Maryvale’s Adrian Stubbs Drops 100 Points in Three Quarters, Breaking Arizona’s High School Single-Game Record

athlete
Maryvale’s Adrian Stubbs, who scored 100 points to break Arizona’s high school single-game record, similar to Wilt Chamberlain's pose when he scored 100 points in the NBA. (Photo by Jeremy Smith/Maryvale Athletics)

By Ethan Ignatovsky

The day after, Adrian Stubbs was honored like a celebrity around the Maryvale High School campus.

As he strolled through the halls, videos and photos captured his every move, and quickly found their way to social media. All anyone could talk about was what he did the previous night, when he became the first Arizona high school basketball player to reach 100 points in a single game.

“Last couple hours: crazy,” Stubbs, a senior guard, said Wednesday afternoon, as the magnitude of his accomplishment began to settle in. “My phone’s blowing up, congratulations from a lot of people. The feeling’s amazing, obviously something that many kids dream of.”

The road to history began inconspicuously enough the night before in Yuma on the state’s southern border, roughly a three-hour drive from Maryvale High in Phoenix’s West Valley.

Maryvale’s boys basketball team arrived in Yuma for its farthest road game of the season against Kofa High School, but had seemingly left its offense back in the Valley through the first 1:29 of game action.

The two teams held each other scoreless, with Stubbs starting the game by shooting 0-for-3 from the field. No one in the gym had any way of knowing it at the time, but despite that start, Stubbs was about to kick off a life-changing night that would garner him national attention.

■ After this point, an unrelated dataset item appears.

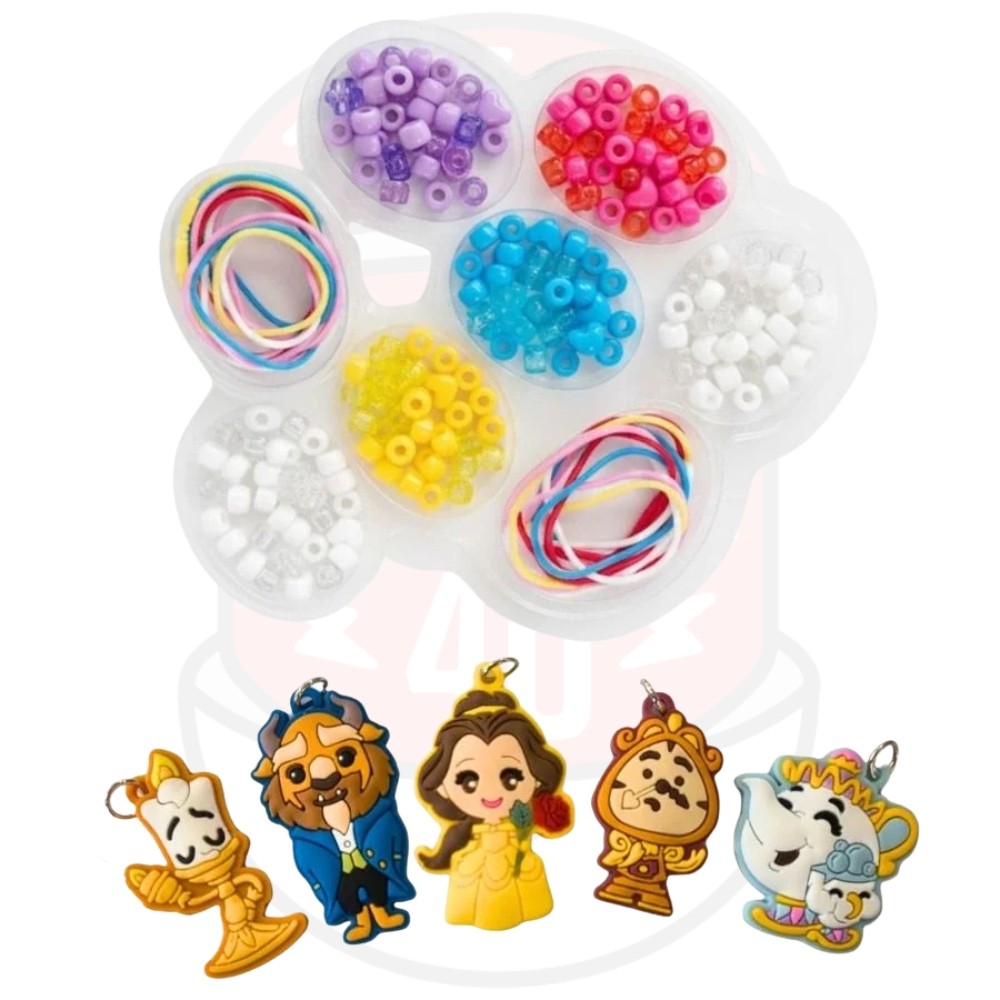 KIT MIÇANGAS MONTE SEU COLAR PRINCESA BELA DISNEY TOYNG BRINQUEDOS DE MENINAS FERA PERSONAGENS VELA · foto 2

The 5-foot-10 guard eventually got the scoring started, powering through contact and sinking a layup off the glass. Instantly, he had found his groove.

Stubbs converted his and-one opportunity, split another trip to the line, connected on another layup and splashed one home from beyond the arc. In the blink of an eye, something special was brewing, and his fellow Panthers quickly realized this could be one of those games where Stubbs’s offensive prowess took over.

“You could see a look in his eyes, everything was falling for him,” Maryvale freshman guard Thiago Esquivel said. “I just knew, let him keep going until he can’t no more.”

From that point on, there was never a time when Stubbs couldn’t go anymore, and milestone after milestone flew by.

In lightning-quick fashion, Stubbs surpassed 57 points, breaking the Arizona 6A single-game record for most points in a game. By the end of the first half, he had dropped 70 points, flying past 75 points soon after and breaking the state’s overall record.

Stubbs didn’t stop there, climbing up and up toward triple digits. When the dust finally settled, he had nearly single-handedly beaten Kofa High School 109-25, scoring 100 of his team’s points in just three quarters as the Panthers improved to 8-5 overall.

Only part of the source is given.